== TASK TO CARRY OUT ==
I would like the records restated word for word, without the pictures.

**** RECORD EXTRACTS ****

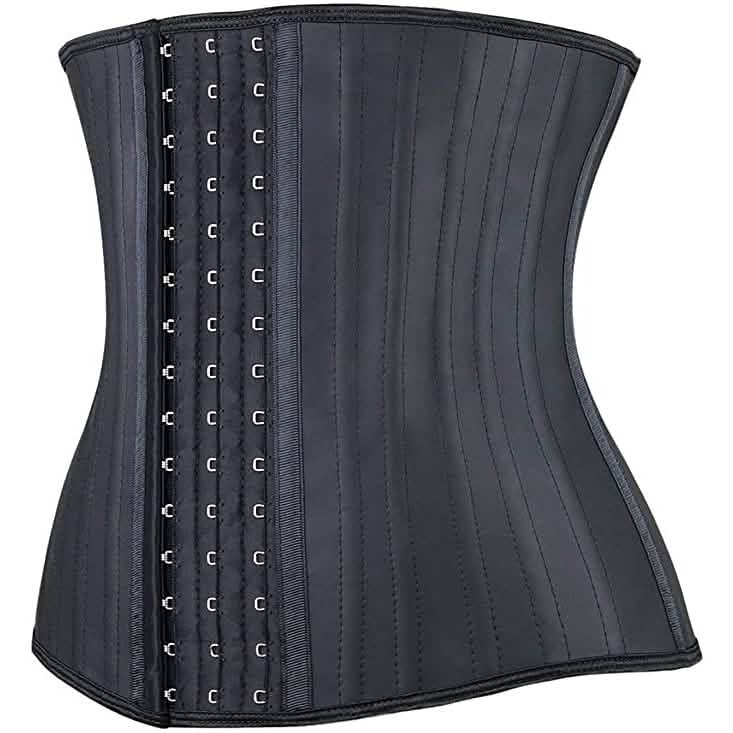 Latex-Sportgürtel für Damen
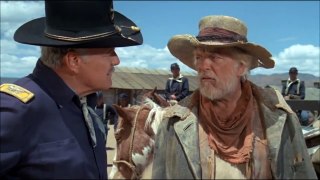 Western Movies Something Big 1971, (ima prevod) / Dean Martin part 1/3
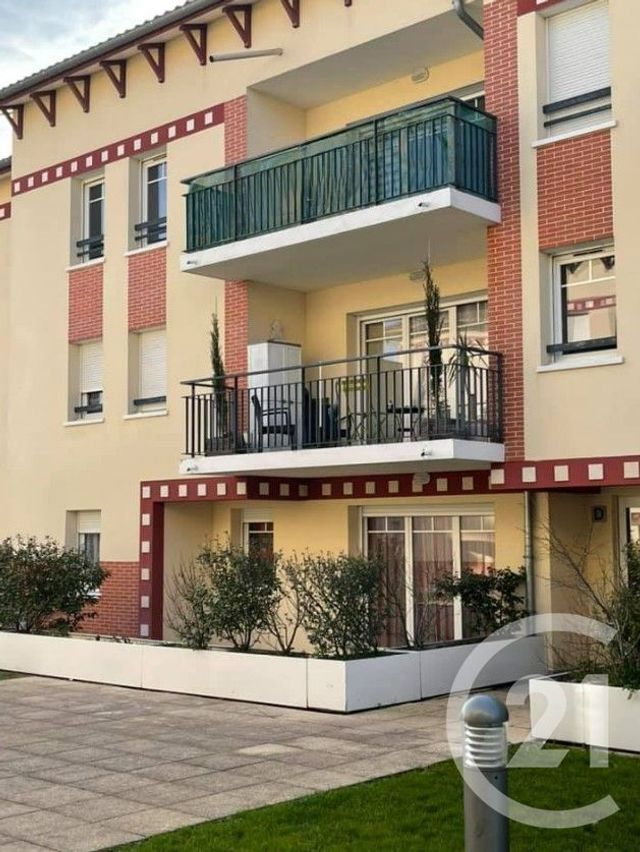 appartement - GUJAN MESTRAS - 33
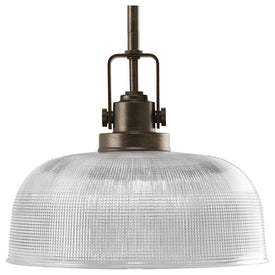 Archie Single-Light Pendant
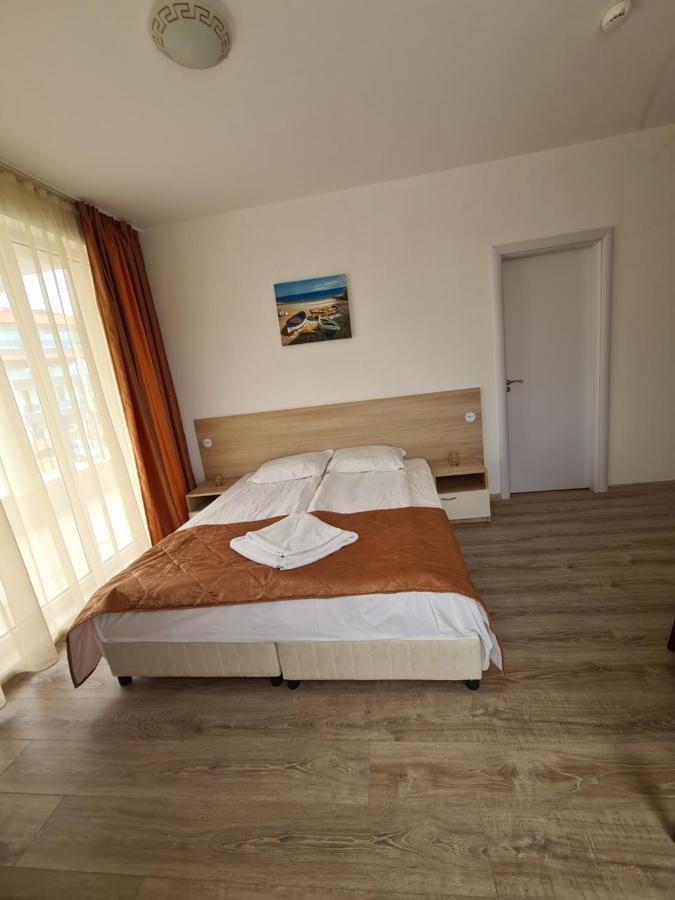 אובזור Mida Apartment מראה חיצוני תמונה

****

== OUTPUT OF THE EXERCISE ==
 Latex-Sportgürtel für Damen
 Western Movies Something Big 1971, (ima prevod) / Dean Martin part 1/3
 appartement - GUJAN MESTRAS - 33
 Archie Single-Light Pendant
 אובזור Mida Apartment מראה חיצוני תמונה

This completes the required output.